5 major reasons why diet plans fail (and what you can do about them)

Trying to figure out why you’re failing miserably at your latest, 100% effective diet plan??? We might have just the answer!

Almost every day, we find new diet plans popping up on the internet – either Introduced by a famous fitness guru or one that was followed by our favorite celebrity.

But do the same diet plans work for us?

Have you ever wondered why diet plans don’t usually work? Are these fitness enthusiasts and celebrities who have recommended the diet or follow it themselves not from this planet? Maybe this is their superpower? You wish!

Actually, the fault lies in our stars, or more precisely, in us.

But, how?

Here are a few plausible reasons/factors that contribute to the failure of a diet plan. Also mentioned are things you can do to avoid these factors and see long-lasting results.

ALSO READ: Workouts for workaholics – 5 easy office workout tips


We have an explanation!

Let the (diet)games begin!

Here are top 5 reasons why your diet plans fail!

Inability to control urges

Remember the story of Adam and Eve and the forbidden fruit?

Human mind dislikes restrictions, and when it is given one, it always fails to keep up with it.

Similarly, when we restrict ourselves from a certain food item(s) we end up wanting or craving it more than usual!

This is one of the major reasons most diet plan don’t last longer than 2 weeks.

Cheat meals/days

Indulge and then get back on that wagon!

So this one fine day you are invited to a sudden dinner plan. You arrive and find an elaborate table spread out with most of your favorite food items. What will you do? Stick to your diet and order a salad? Or just give in to the temptation?

We all know what you chose there!

One of the other major reason for people giving up on their diet plan is “cheat days”. Thinking that one cheat meal will not set you off track is a myth. It might ruin all that hard work and efforts of the past days!

What comes next is the guilt, which is often so strong that we decide to just give up on our diet plan altogether! And maybe even binge eat to drown out the guilt and to find comfort in our favorite food items.

And that may be the biggest mistake you could make!

It’s very common to have days that you go off track your diet, but there is a trick to survive this. Do enjoy your impromptu cheat meal but hit the gym a little harder than usual to burn off the extra calories!

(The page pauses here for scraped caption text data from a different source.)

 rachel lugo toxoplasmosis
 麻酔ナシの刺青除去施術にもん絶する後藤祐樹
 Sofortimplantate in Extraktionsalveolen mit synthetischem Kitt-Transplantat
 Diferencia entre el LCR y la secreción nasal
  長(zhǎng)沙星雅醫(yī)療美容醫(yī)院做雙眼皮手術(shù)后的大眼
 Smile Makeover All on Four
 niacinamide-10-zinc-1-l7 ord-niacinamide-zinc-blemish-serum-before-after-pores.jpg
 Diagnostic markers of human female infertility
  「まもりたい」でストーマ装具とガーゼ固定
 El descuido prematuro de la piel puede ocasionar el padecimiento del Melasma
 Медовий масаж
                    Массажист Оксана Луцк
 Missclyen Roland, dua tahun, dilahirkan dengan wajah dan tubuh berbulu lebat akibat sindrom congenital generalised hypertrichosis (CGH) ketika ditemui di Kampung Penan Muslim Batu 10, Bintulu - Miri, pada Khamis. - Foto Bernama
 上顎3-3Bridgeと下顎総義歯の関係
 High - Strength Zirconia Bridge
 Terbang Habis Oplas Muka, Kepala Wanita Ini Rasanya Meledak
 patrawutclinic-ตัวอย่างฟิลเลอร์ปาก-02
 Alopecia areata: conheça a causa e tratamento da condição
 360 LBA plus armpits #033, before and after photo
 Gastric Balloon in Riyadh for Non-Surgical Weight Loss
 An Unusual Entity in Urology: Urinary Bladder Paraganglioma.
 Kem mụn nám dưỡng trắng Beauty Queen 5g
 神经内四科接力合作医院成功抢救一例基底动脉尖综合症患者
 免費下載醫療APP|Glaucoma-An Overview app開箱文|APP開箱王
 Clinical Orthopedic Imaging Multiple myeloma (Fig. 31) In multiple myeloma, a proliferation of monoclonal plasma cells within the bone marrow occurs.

When/if you fall off the wagon –  you get right back on and start over!

Wasn’t doing it for myself!

“I, me and myself!”

While starting on this journey of great lifestyle change, most people fail to ask themselves the most vital question.

Why do I want to do this?

Is it because I want to be healthy? Or is it because someone else is pushing me to?

If you did do it because of someone else, you will stop following the diet once the involvement of that someone goes down.

Hence, the diet plan breathes its last.

You must understand the importance of your personal involvement. It should always be about YOU!

Follow a diet and exercise plan because YOU want to do it, not because someone else is breathing down your neck!

No one can better motivate you than yourself!

Lack of strong support system

“Sometimes it takes an entire village!”

Although we’ve established the fact that no one is a greater motivator than our-own-self, it does not mean you don’t need a group of people appreciating, motivating and pumping you up!

Have a tight circle of friends who understand the importance of your diet and exercise plan, and who will help remind you of it when you hit the dark road or need an extra kick!

Also, it’s advisable to distance yourself from the people who may belittle, mock or even make fun of your goals.

Short-term plan

Not a crash course!

In conclusion, the best way to get long-term results in terms of weight loss or maintenance of the lost weight is to have a long-term but an easy diet plan, that is flexible and easily incorporated in our daily routine.

Include healthy, nutrient-dense food items in your regular diet slowly and steadily. Do not over-do at the gym on your first day and run yourself thin, only to be too tired to show up the next day!